Apport en société avec des fonds provenant du compte joint
Le choix du régime matrimonial a des incidences directes en droit des sociétés et notamment sur le régime juridique des apports. Mais l’utilisation de fonds provenant d’un compte joint peut aussi avoir des incidences qu’il ne faut pas négliger.
Sous le régime de la communauté, lorsque l’un des époux souhaite faire un apport avec des fonds communs ou un bien commun afin de souscrire des parts sociales, le conjoint doit en être informé. Il est alors en mesure de revendiquer la qualité d’associé à hauteur de la moitié des parts sociales souscrites.
Pour la souscription d’actions avec des biens ou des fonds communs, seul l’époux apporteur a la qualité d’associé mais la valeur des actions tombe dans la communauté (distinction du titre et de la finance).
Sous le régime de séparation de biens, il n’y a en principe aucune difficulté puisque chaque époux étant propriétaire de ses biens propres, reste en mesure de pouvoir les apporter librement en société et disposera seul de la qualité d’associé.

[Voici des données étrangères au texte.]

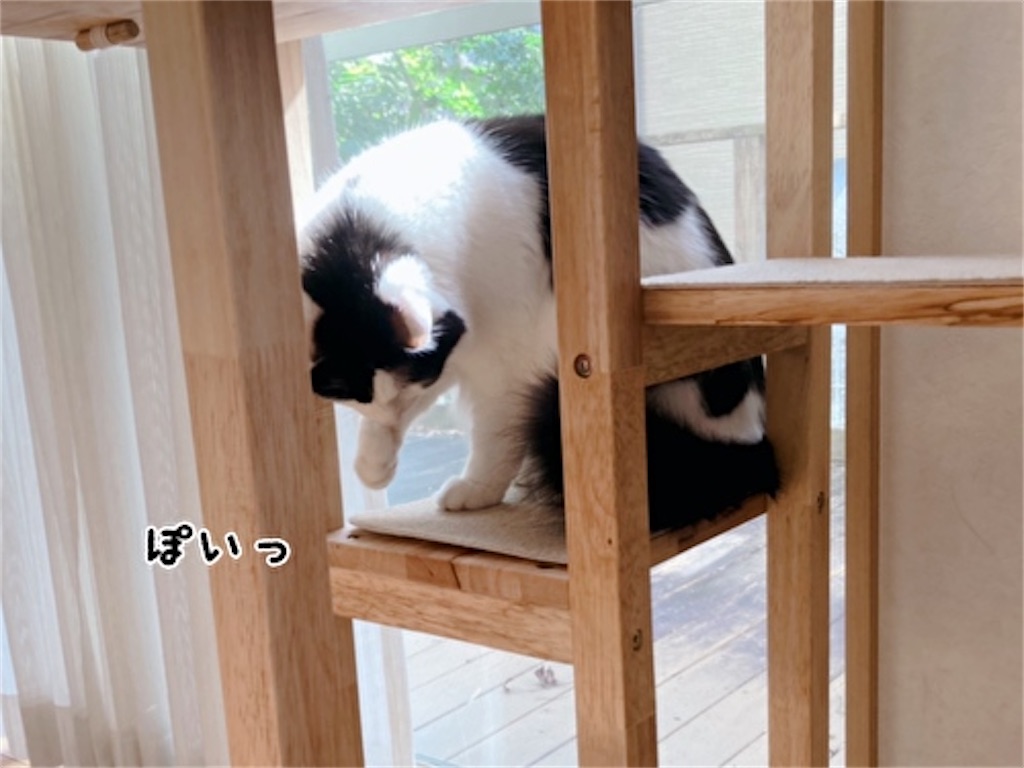 f:id:fukufukudo:20211110204607j:plain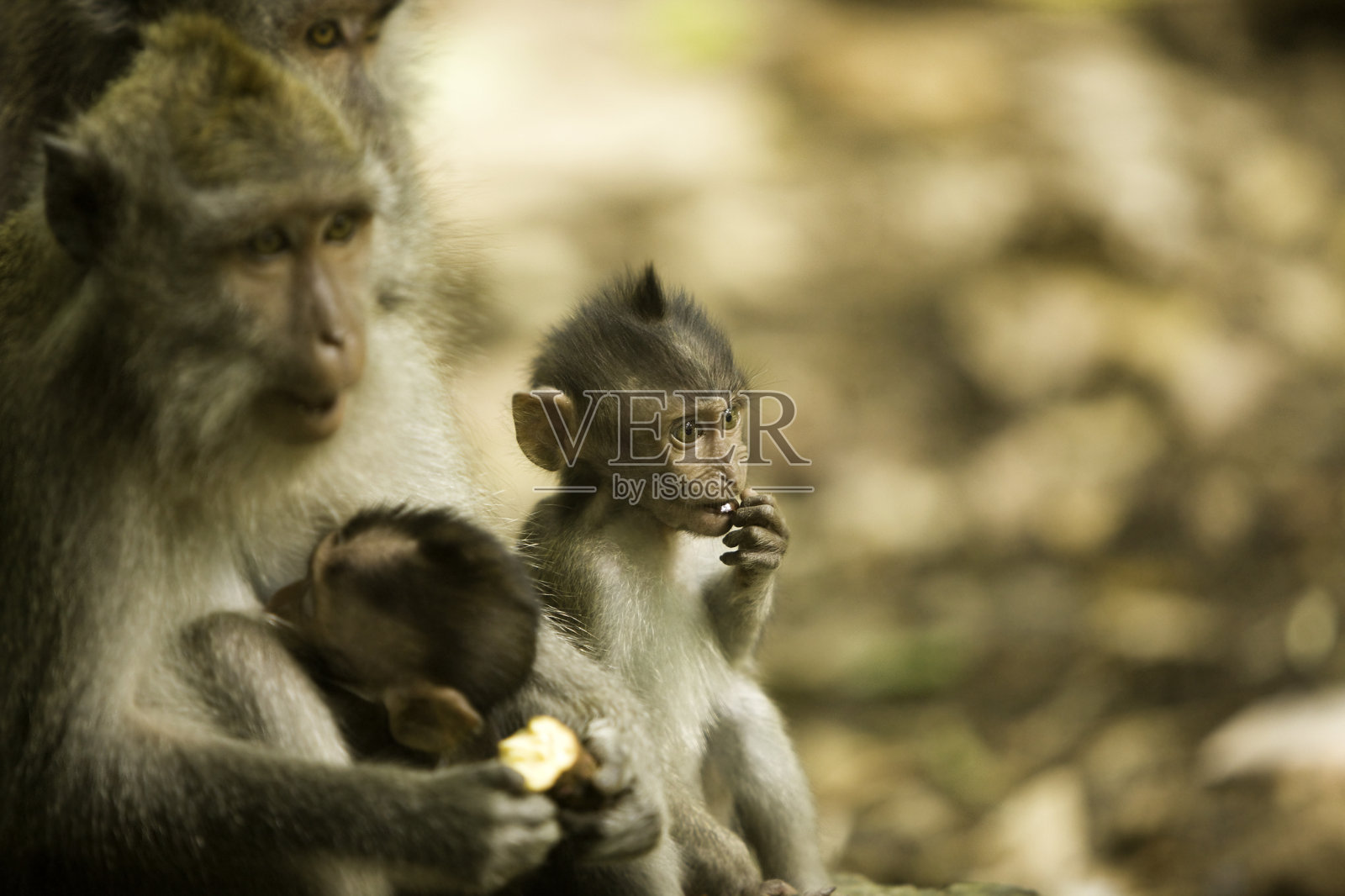 长尾猕猴照片摄影图片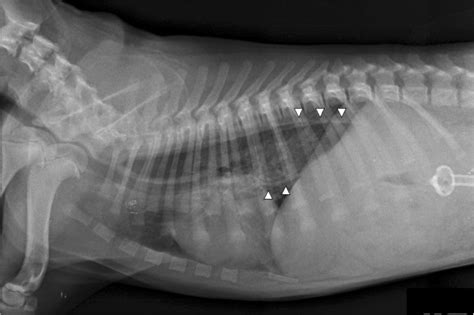 Thoracic Radiograph In Left Lateral Recumbency 36 Hours After Gastric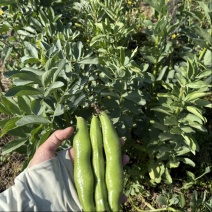 本地蚕豆大量上市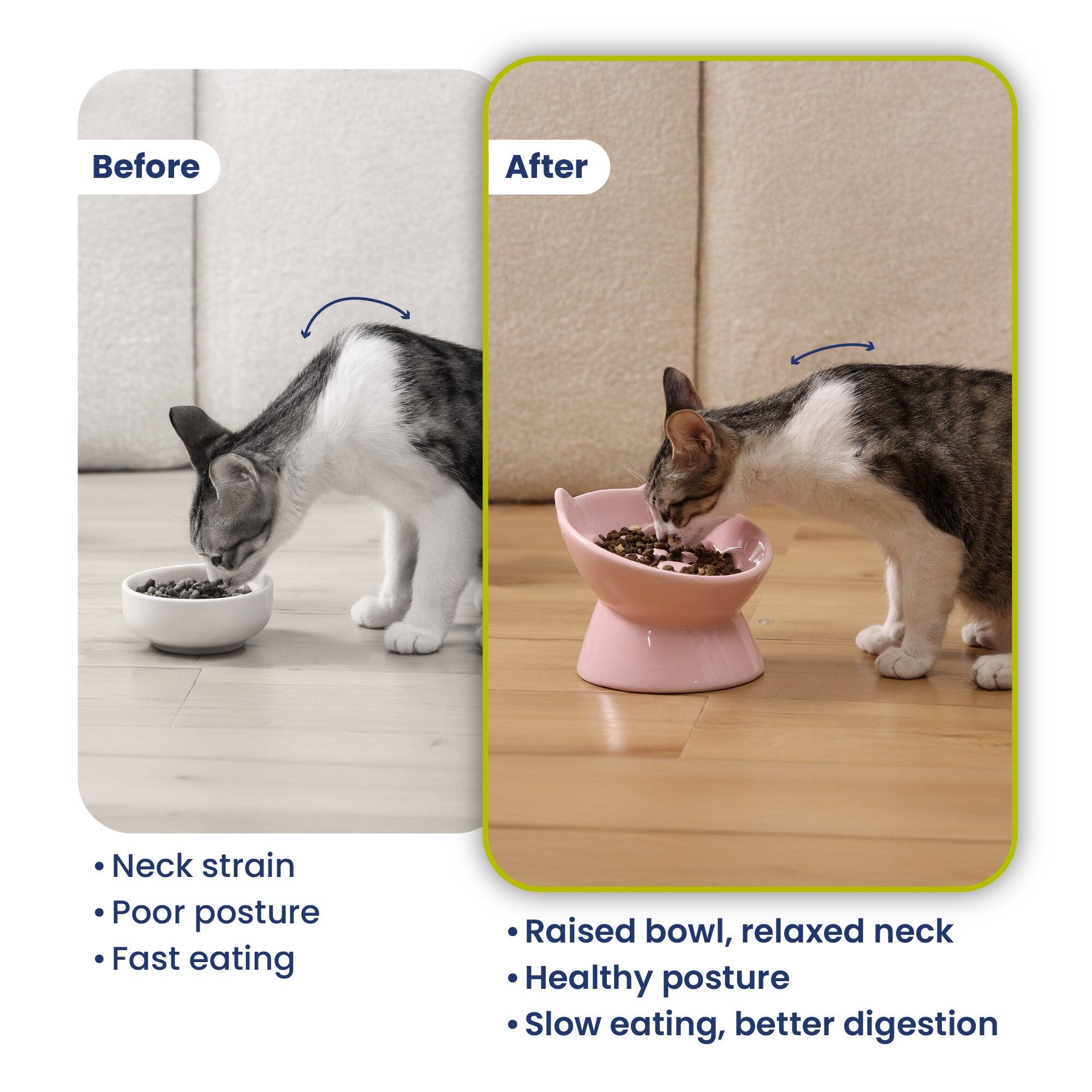 Before
After
Neck strain Poor posture Fast eating
Raised bowl, relaxed neck Healthy posture Slow eating, better digestion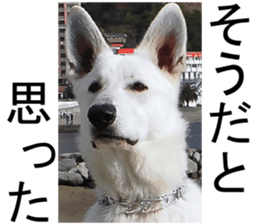 THE White Shepherd Dog! No,4 (P) sticker #14089263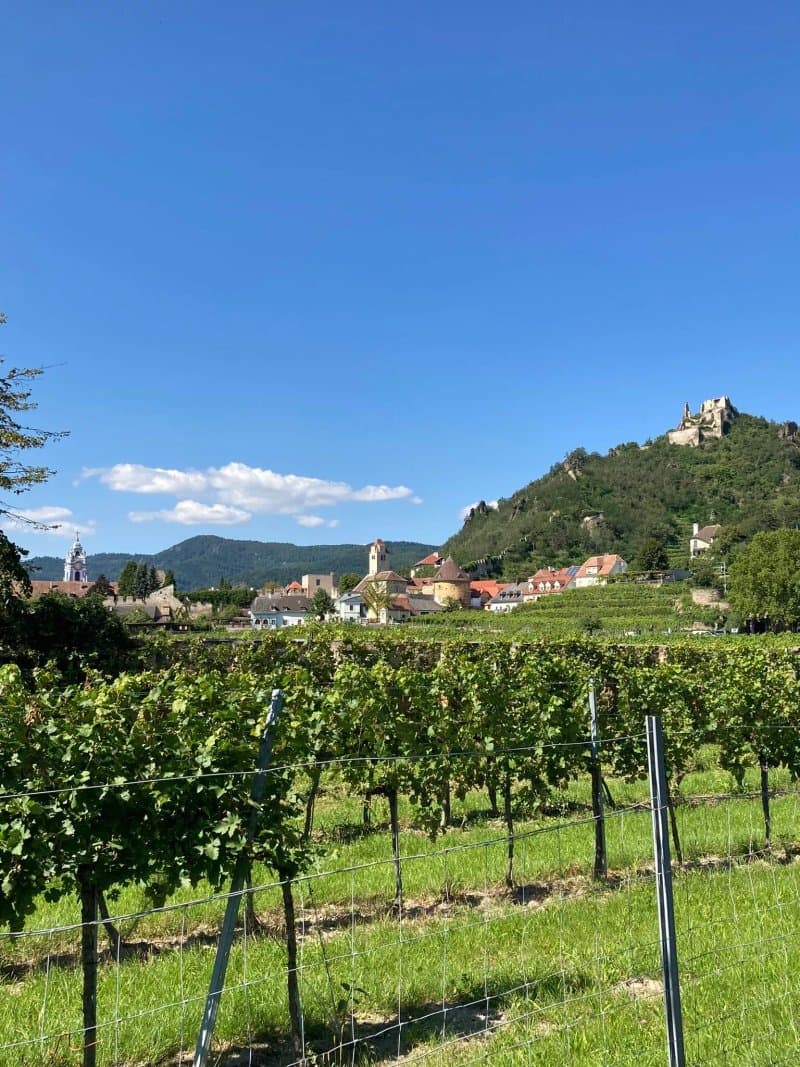Alter Klosterkeller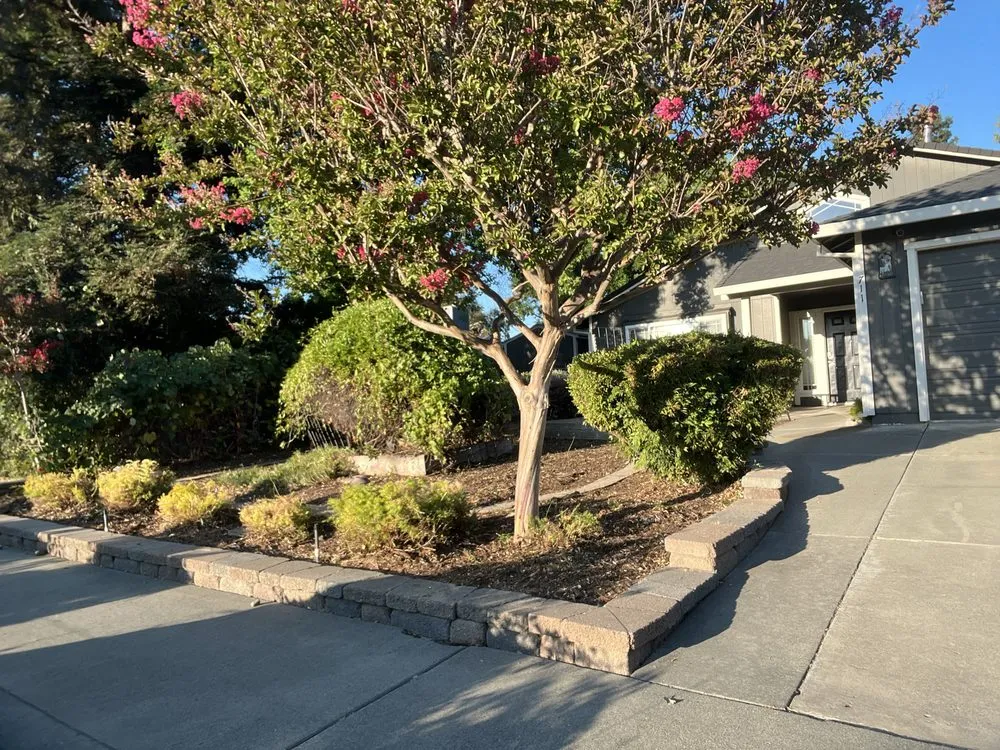 Professional landscape installation in Woodland, CA - Torres Lawncare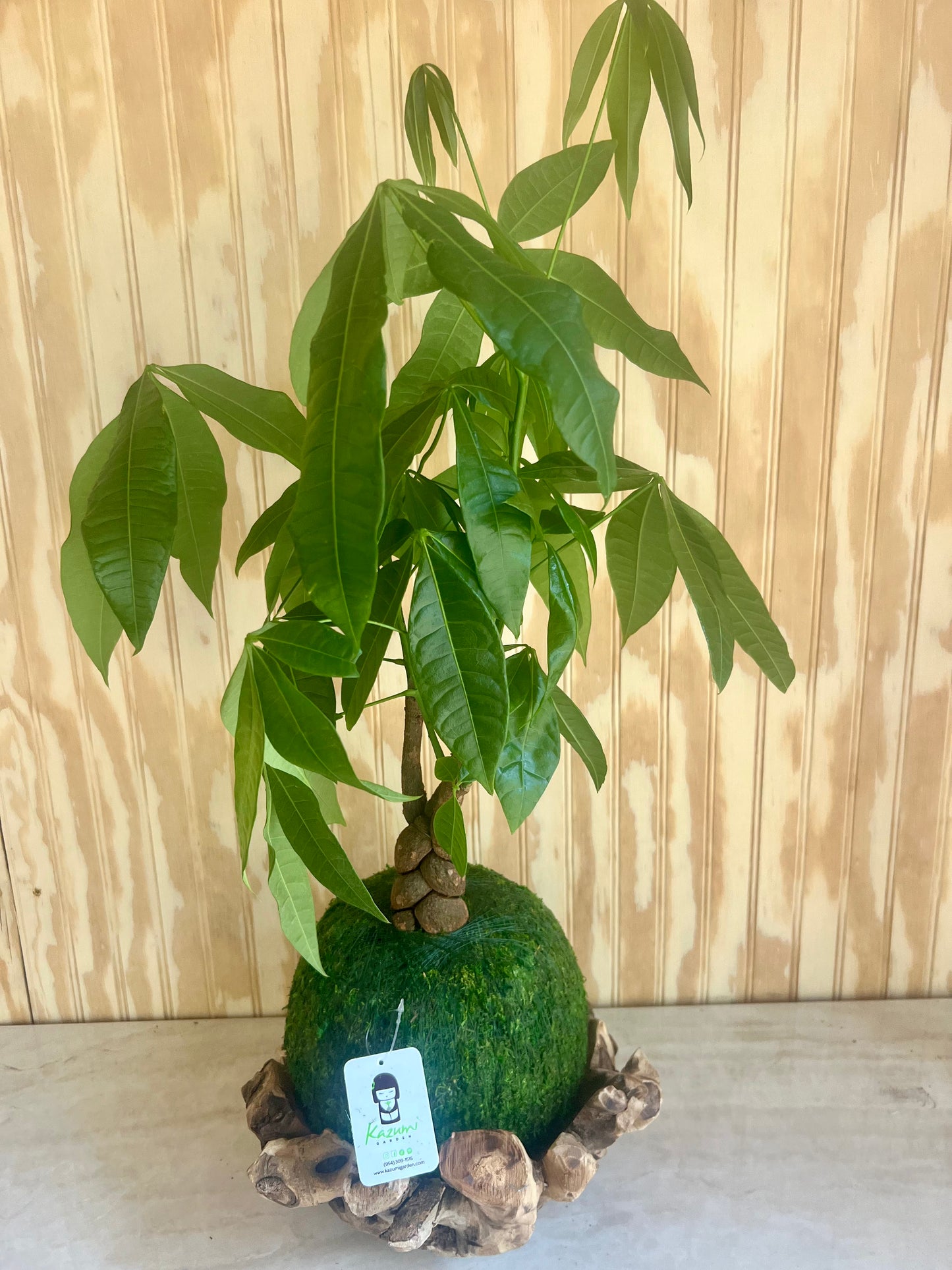 Money Tree | Moss Ball Kokedama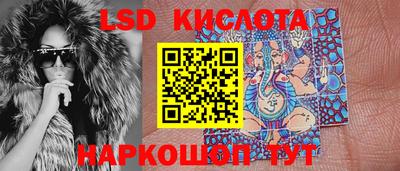 крисы Вязьма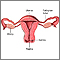 Normal uterine anatomy (cut section)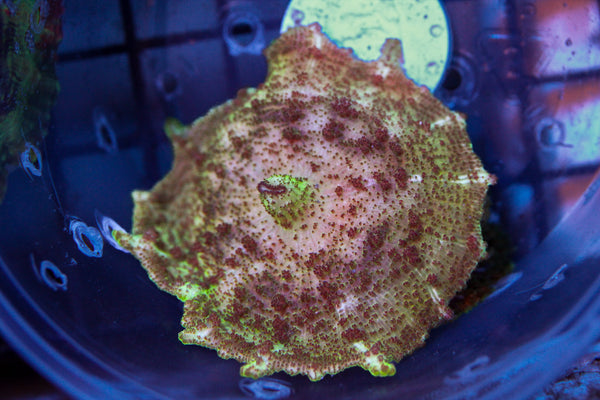wholesale_coral - saltwater_fish saltwater_coral - rare corals - coralsdepot - Corals_Depot - live_corals - eye - catching - coral quality_marine_fish - quality - marine discoun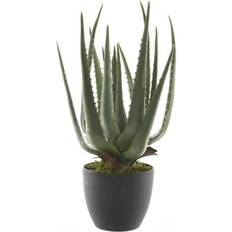 Aloe Vera im Künstliche Pflanzen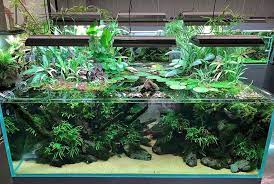 the best to ever do it the og s from their showroom so much going on above and below that is perfect light colored substrate aquascaping akvaryum tasarim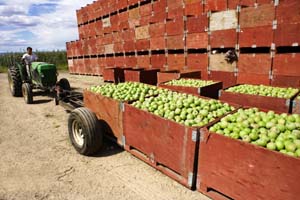 Full apples bins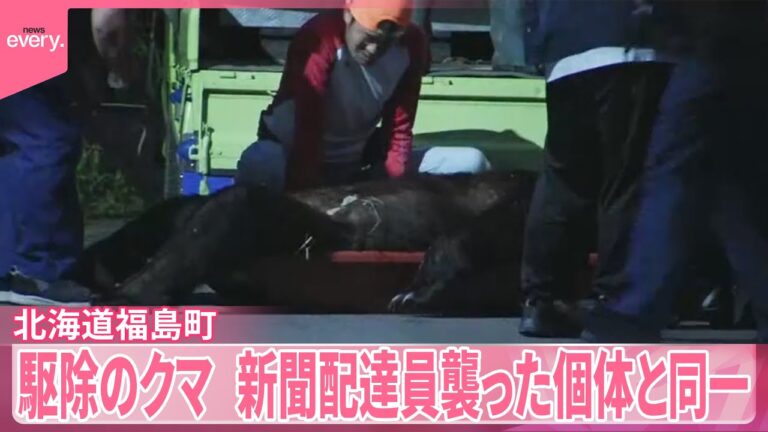 【DNA判明】福島町クマ、新聞配達員襲撃の同一個体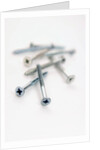 Screws by Anonymous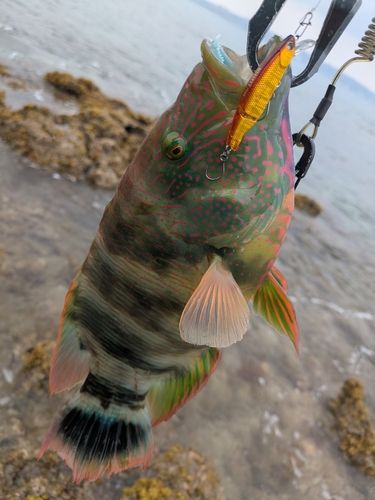 ミツバモチノウオの釣果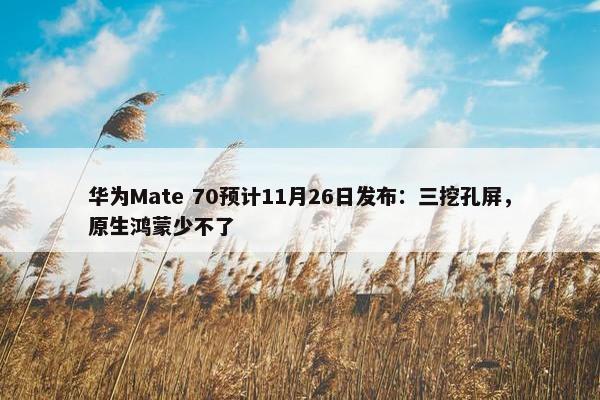 华为Mate 70预计11月26日发布：三挖孔屏，原生鸿蒙少不了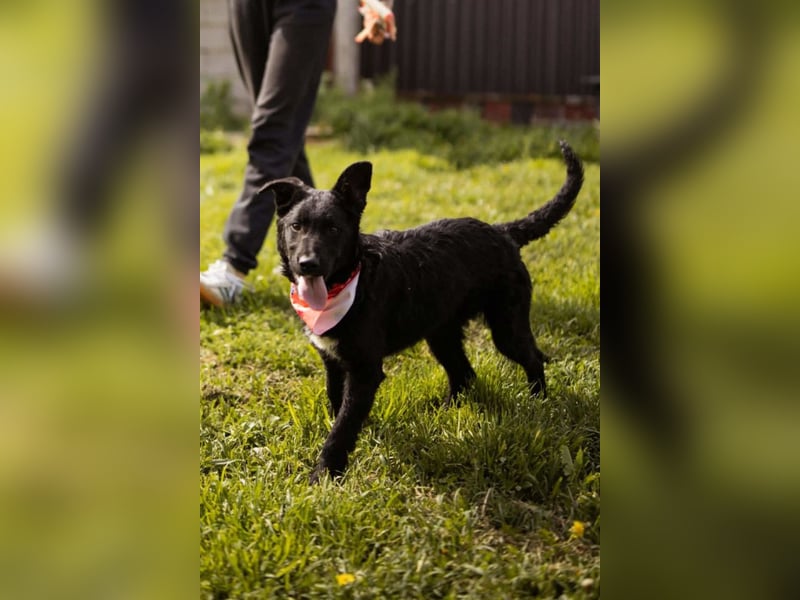 MIMA❤️soziales, kuscheliges und verspieltes Kroat.Schäfi-Mix-Mädchen sucht ihre Familie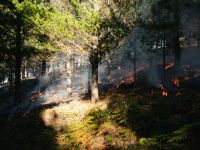 Firefighters Forest This is a controlled fire near Faro, Portugal. The forest owner uses to prevent future fires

Toutefois, cette règle n’est pas valable si les apports sont financés avec des fonds provenant d’un compte joint.
En effet selon une jurisprudence traditionnelle, sous le régime de la séparation de biens, les fonds déposés sur un compte joint sont présumés indivis : « l’existence de comptes joints en présence d’un régime de séparation de biens manifeste l’intention des parties d’affecter ces comptes aux dépenses engagées tant par le mari que par la femme, qu’il s’agit donc d’un mode d’exécution de la contribution aux charges du mariage » [1].
Il en va de même avec les revenus du travail, biens propres par nature sous le régime de séparation de biens mais présumés indivis dès qu’ils sont déposés sur un compte joint.
Dès lors, les titres sociaux acquis en contrepartie de l’apport des fonds indivis seront réputés indivis. En conséquence, si l’apport est qualifié d’indivis, chaque indivisaire acquiert personnellement la qualité d’associé et la valeur des titres sociaux sera partagée par moitié en cas de divorce.
La jurisprudence juge qu’il s’agit d’une présomption simple qui peut être renversée si l’époux apporte la preuve par tout moyen qu’il a la propriété exclusive des fonds [2]. Une preuve qui peut être compliquée à apporter et qui peut mettre à mal le couple très rapidement.
L’utilisation de fonds provenant du compte a donc pour conséquence de détourner la protection séparatiste souhaitée par le choix du régime de séparation. Il convient donc d’être très prudent sur l’utilisation des comptes joints.
[1] Cass. 1e civ. 2 avril 2008 n° 07-13.509
[2] Cass. com. 22 septembre 2009 n° 06-20.247.